How do you refers things from one to the other? Like will I to refer multiple time the SSL resolver?

11

Static config:

  • entrypoints, certresolver, etc
  • use traefik.yml file or place config in docker-compose.yml in command section
  • note you can't mix both, only use command: --configFile=/path/to/traefik.yml

Dynamic config:

  • router, service, etc.
  • use labels with your containers
  • some config can only be done with file, like loadbalancer

You can simply add to your command and mount the file into your Traefik container:

--providers.file.filename=/path/to/traefic-dynamic.yml

You can add the certresolver globally for all routers in static/command:

--entrypoints.websecure.http.tls.certResolver=myresolver

Alternatively you could "hack" your Portainer service and just attach the required labels to it :slight_smile: Use docker service update with --label-add, see docs.
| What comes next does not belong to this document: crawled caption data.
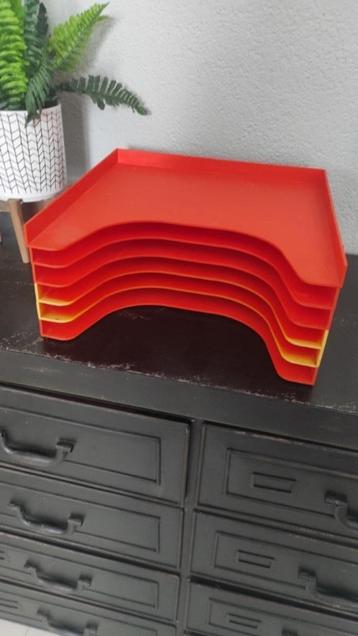 Vintage platenrek oranje 6-delig Somin beschikbaar voor biedingen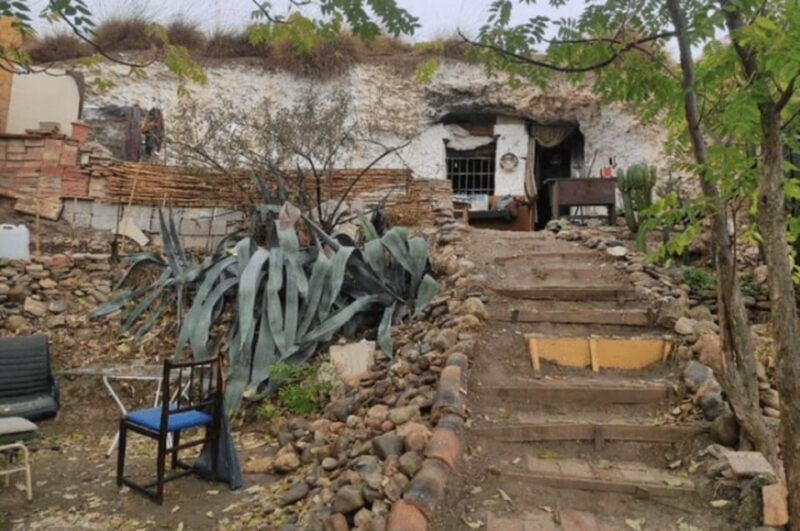 Gypsy Life: Sacromonte and the Caves Private Tour - Exploring the Unique Cave Dwellings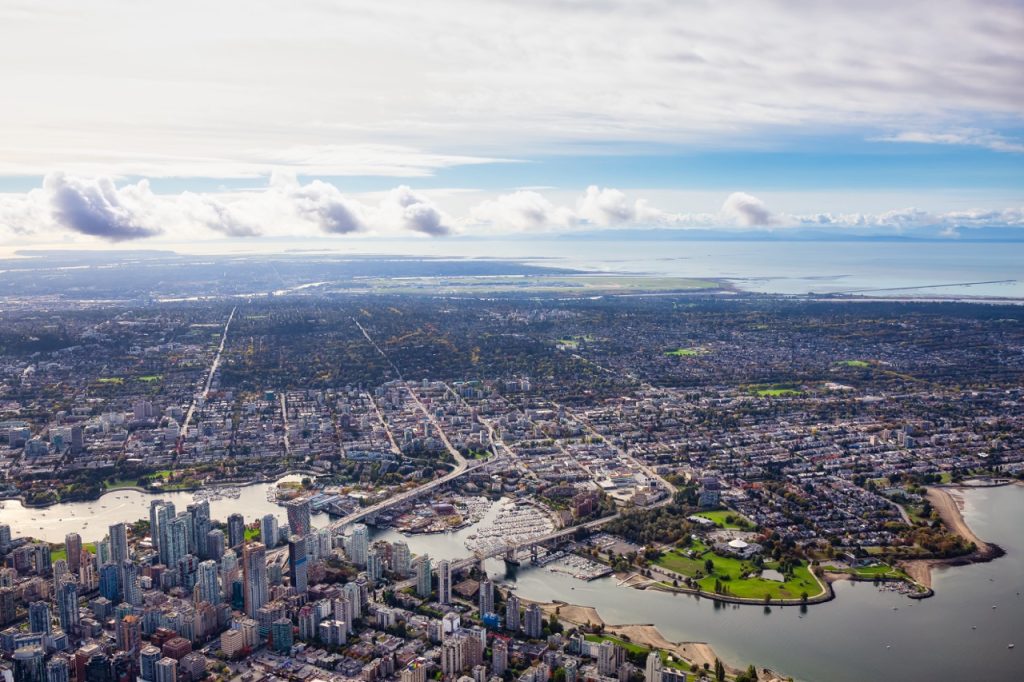 Pros and Cons of Living in Vancouver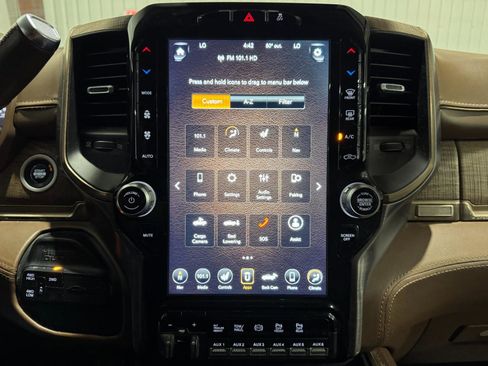 Used 2019 RAM 3500 Limited w/ Max Tow Package AWD/4WD image 12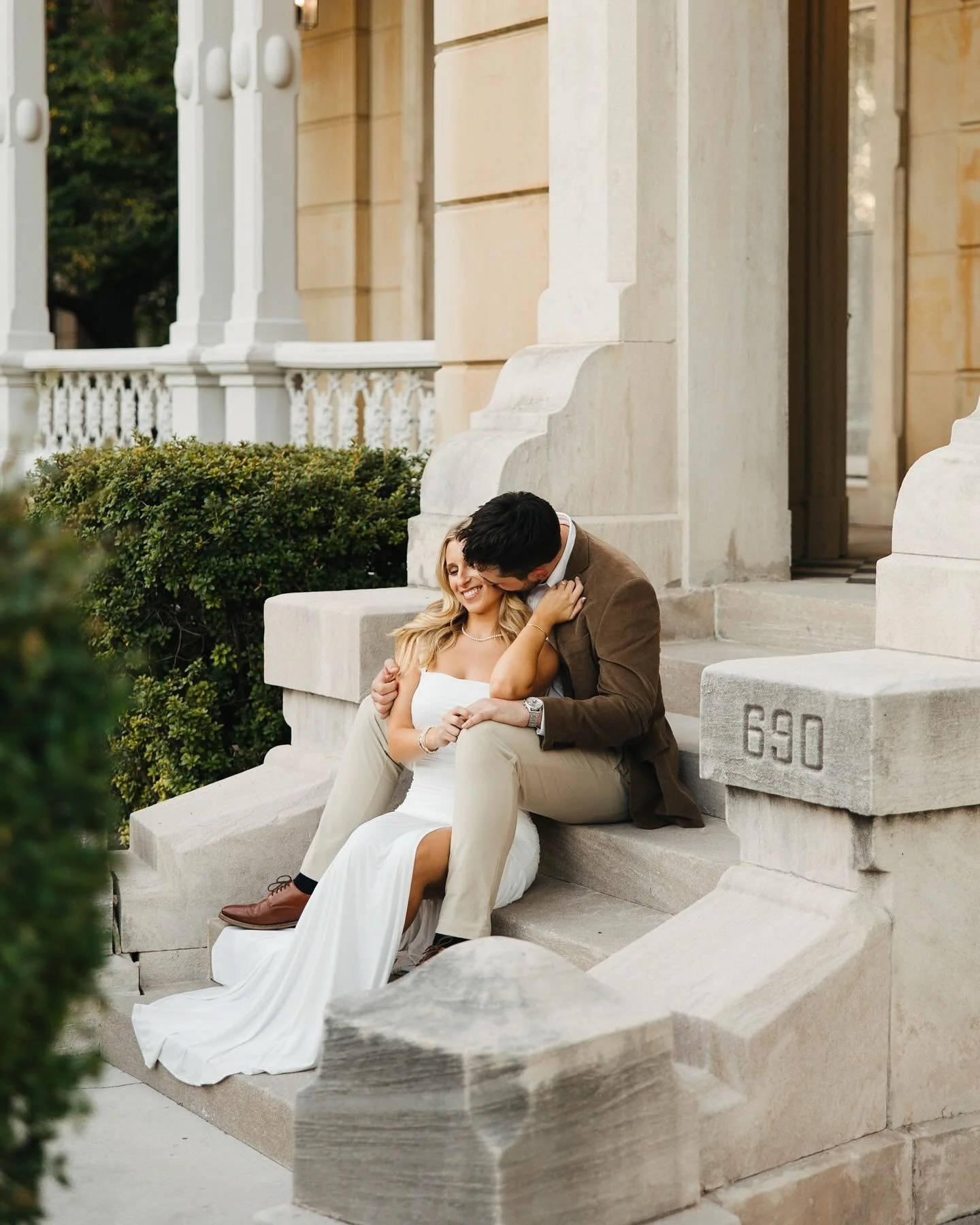 Downtown felt a little more magical with Hannah &amp; Ben. A night full of elegance, laughter, and a love that felt straight out of a movie scene 🤎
Question: how did you create portainer in the first place? With a docker-compose.yml? Just add the labels and re-do it.

12

It's a pity that you cannot mix the label and the traefik.yml, but ok.
You have good point to add things globally, I love that, I will update my process.

My portainer was installed directly with the docker image, not docker compose, so I was tempted by the docker service approach, but it seems this is only for container on a swarm, I didn't find the --label-add on the docker update command.

Maybe I will re-start portainer with a docker-compose file, and that would do it? Even if traefik is not in the same docker-compose?

13

Yes, you can use different compose files.

Best practice is to use a Docker network and attach all services to it. That can happen over multiple files.

14

Ok. And just for my understanding, is it possible to use the traefik.yml for the configuration(which is static configuration) and still use the tags on the docker images?

15

YES!

Static is traefik.yml and command in docker-compose. Pick one!

Dynamic is via provider, for example file or docker (using labels). Here you can use both.